Entries supplied>
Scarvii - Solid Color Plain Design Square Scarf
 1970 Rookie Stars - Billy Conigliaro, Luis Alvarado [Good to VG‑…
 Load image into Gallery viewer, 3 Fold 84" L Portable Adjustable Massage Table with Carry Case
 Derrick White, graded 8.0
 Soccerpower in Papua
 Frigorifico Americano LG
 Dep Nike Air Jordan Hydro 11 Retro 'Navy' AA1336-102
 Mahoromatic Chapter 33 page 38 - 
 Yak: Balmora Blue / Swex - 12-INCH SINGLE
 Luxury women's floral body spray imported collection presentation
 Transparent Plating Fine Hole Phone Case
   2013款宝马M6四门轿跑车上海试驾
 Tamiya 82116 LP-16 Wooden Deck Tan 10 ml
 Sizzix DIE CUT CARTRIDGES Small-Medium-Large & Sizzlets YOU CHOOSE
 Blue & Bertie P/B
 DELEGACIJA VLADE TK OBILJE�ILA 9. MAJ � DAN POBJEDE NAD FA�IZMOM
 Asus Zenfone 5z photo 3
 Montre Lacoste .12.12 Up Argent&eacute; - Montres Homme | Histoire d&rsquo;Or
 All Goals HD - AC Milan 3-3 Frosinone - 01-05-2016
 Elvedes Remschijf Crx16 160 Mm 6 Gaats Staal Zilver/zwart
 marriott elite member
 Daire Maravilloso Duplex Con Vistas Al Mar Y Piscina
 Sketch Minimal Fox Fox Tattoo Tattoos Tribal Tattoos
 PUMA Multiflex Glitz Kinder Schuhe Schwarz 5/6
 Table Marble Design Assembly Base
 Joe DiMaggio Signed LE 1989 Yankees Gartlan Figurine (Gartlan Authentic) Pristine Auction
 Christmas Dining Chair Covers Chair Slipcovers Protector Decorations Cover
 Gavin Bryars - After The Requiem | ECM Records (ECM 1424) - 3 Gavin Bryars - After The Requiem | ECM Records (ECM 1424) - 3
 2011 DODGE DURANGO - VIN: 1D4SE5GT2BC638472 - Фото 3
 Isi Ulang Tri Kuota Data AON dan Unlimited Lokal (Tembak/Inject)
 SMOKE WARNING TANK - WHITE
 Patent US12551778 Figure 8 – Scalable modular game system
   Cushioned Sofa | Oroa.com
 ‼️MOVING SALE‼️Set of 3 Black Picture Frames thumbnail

What to do> Copy every line of the entries in which "Design" can be found.

The answer>
Scarvii - Solid Color Plain Design Square Scarf
 Table Marble Design Assembly Base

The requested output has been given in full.